While he wasn't keen on starting a new menswear brand immediately, he founded Harald, a small womenswear collection, and applied what he learned from his time at Cloak: "I had a tiny office on Broadway. I did PR, production, the photography and everything on my own. I didn't have fashion shows, didn't have fancy lookbooks." After a couple seasons, Robert received a call from Japanese production company S.O., which had heard of Robert through Cloak, with an offer to provide funding for a Robert Geller menswear label.

In its first seasons, Robert Geller was a success, finding its way into the right stores and the funding to cover its biggest expenses. 2009 saw him win GQ’s third Best New Menswear Designers In America competition—this was when there was still a clear winner—that awarded him a capsule collection with Levi's, the corporate sponsor at the time. In 2010, he was among ten finalists for the CFDA/Vogue Fashion Fund Award and in 2011 he won the Swarovski Award for Menswear. He still has those awards sitting a mantle above the racks around us.

When I first got into menswear in around 2011 and attempted to read and learn about every single brand that ever existed, as one tends to do, Robert Geller found me more than I found him. And I guess that was around the time that everyone else did too. He effectively blew up. "I think there's an incubation phase of the first three or four seasons where the insiders get to know you," he says. "They pull you in, check you out, circle back around to look at what you're doing and wait to see if you'll be around in a couple seasons and if it's still good." Now, four years later, nine since the brand began and almost 15 since he first got into fashion professionally, Robert Geller isn't anybody's darling. He's a veteran. In an industry where almost every other fashion company, well-received or otherwise, eventually folds, Geller has made his brand and his look stick.

That look is the uniform of so many younger, fashion-conscious guys.
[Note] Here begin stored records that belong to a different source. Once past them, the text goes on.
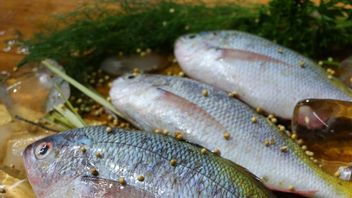 实用，简单！这是美味的黄鳍金枪鱼食谱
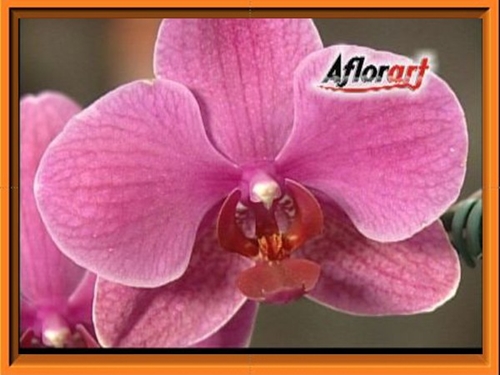 AFLORART Floricultura. 
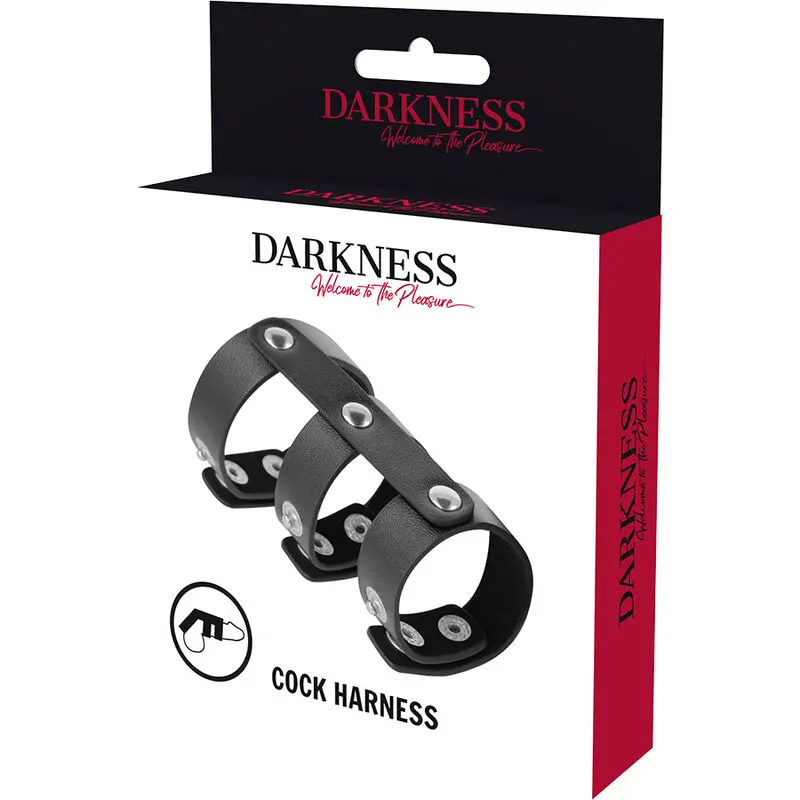 Кожаное двойное кольцо для пениса и мошонки DARKNESS D-226732 Photo 5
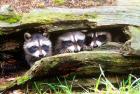 Three Young Raccoons In A Hollow Log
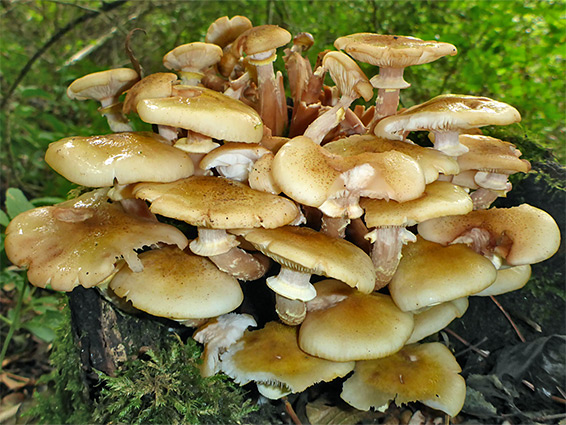 Honey fungus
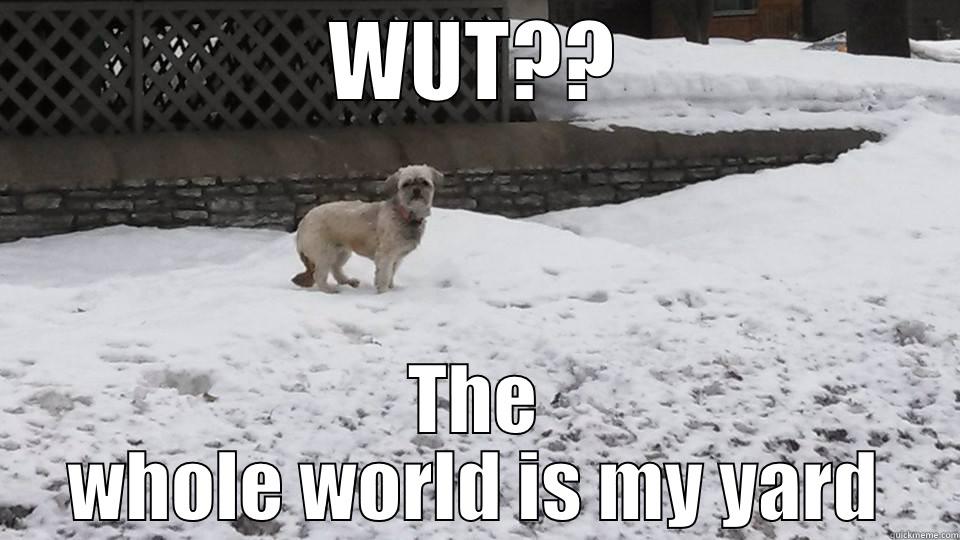 WUT?? THE WHOLE WORLD IS MY YARD Misc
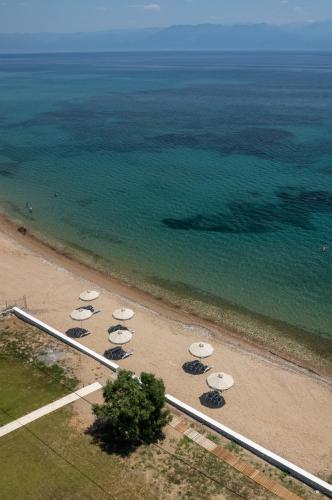 Gallery image of Greek Dream Residence in Áyios Andréas Messinias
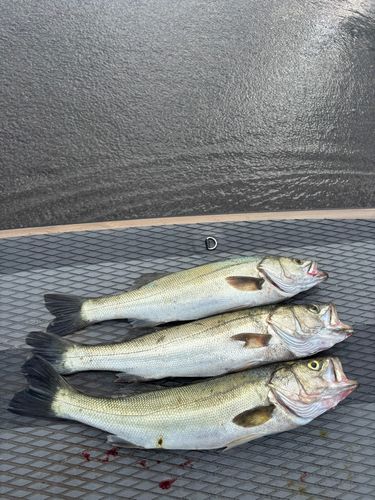 シーバスの釣果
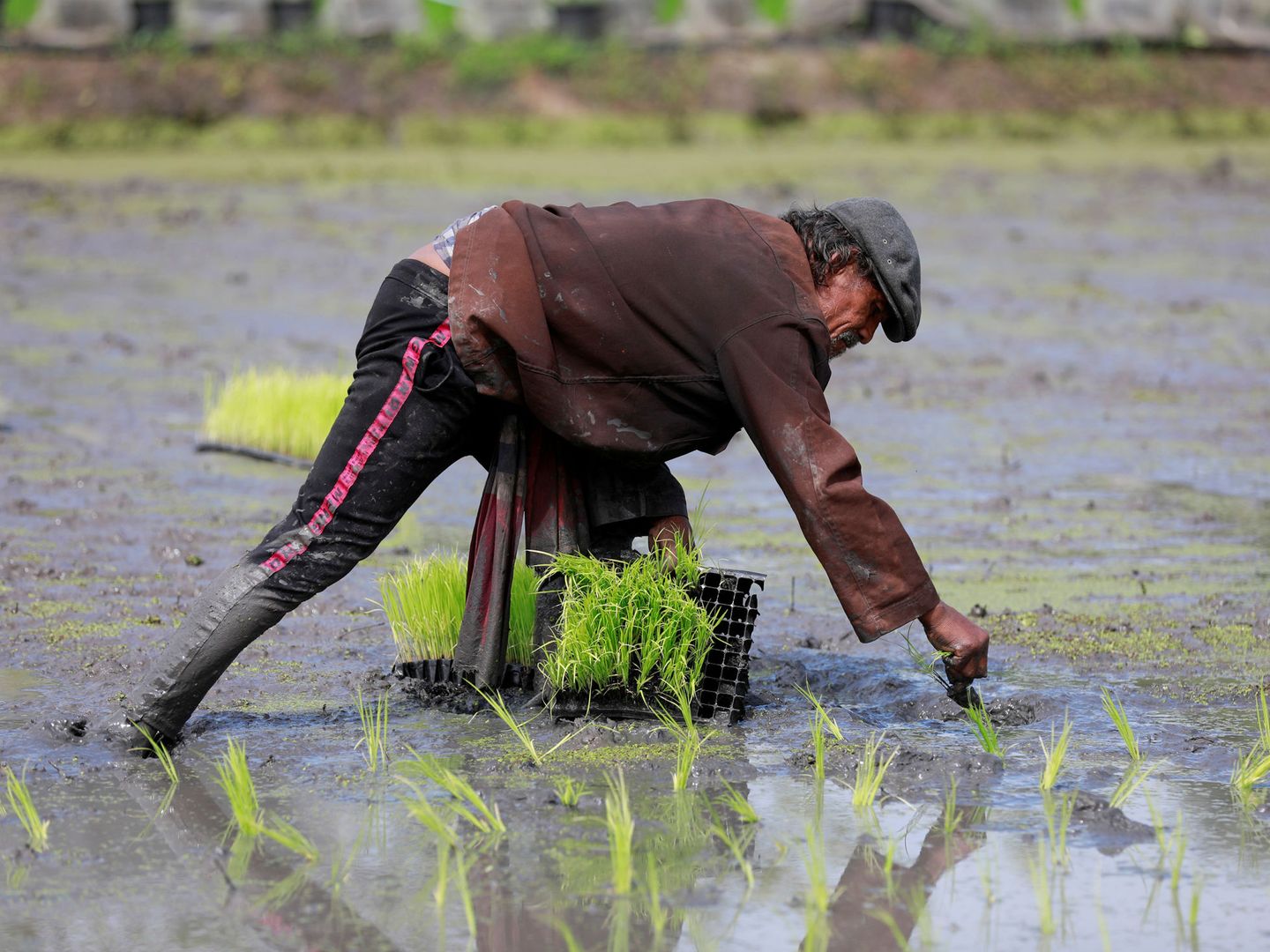 La inundación de los campos de arroz es  otra de las mayores fuentes de metano que existen. Foto: Reuters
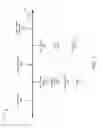 Fig. 02 - VM creation by installation media probe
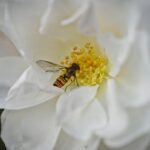 hoverfly, flower wallpaper, rose, rose flower, flower, flower background, white rose, insect, wings, beautiful flowers, nature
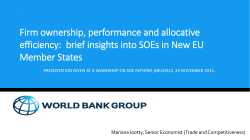 Firm ownership, performance and allocative efficiency: brief insights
While it has shifted and waned slightly, Robert Geller has stayed a part of the nucleus of brands that own today's look. It's dark, a bit moody, slim, cropped, layered and outfitted with tons of details. "We really are going more oversized and creating volume," he says. "Not that anything has to be super big, but I really like the flowy silhouette—a bit oversized with shorter pants. The cropped pants that taper in and stop above the ankles come from soccer warm-up pants."

Robert himself plays soccer every Saturday morning near his office and relates many of his designs back to sports. The silhouette that ruled F/W 15 goes back to the Nadi brothers, two Italian fencers who ruled the 1920 Antwerp Olympics, and how they dressed off the Piste. Talk about specific. "This idea of big, luxurious wool coats, they're leaving the gym, their hair is sweaty, but kind of styled," he says. "That sort of casual, luxurious elegance that they had back in the day. I was really attracted to that."

But this isn't Louis Vuitton's elegance. It's a toned-down version that relies on deep shades of grey and brown, mixed with flashes of color in the form of those graceful silks. It's a beautiful middle ground between the dystopian tattered uniforms of Kanye and Adidas' Yeezy Season 1 (which Robert was a consultant on) and his idols Raf Simons and Dries Van Noten. It's a look that could only be more Geller if he branded his name on it.

And yet, if you follow him on Instagram, you'll see that he doesn't brand himself that much. Littered between the fashion shots are photos of his children and wife. Just from casual conversation, you can tell Robert's a family man first. The ease with which he talks about designing clothing probably comes from the fact that he knows how much harder it is to raise a child than sketch out next season's designs. He may have moved around earlier in life, but his feet are firmly planted in New York. "I fell in love here, got married here and love the city," he says. "I found my groove and I can't imagine living anywhere else. It feels like my home." We wouldn't have it any other way.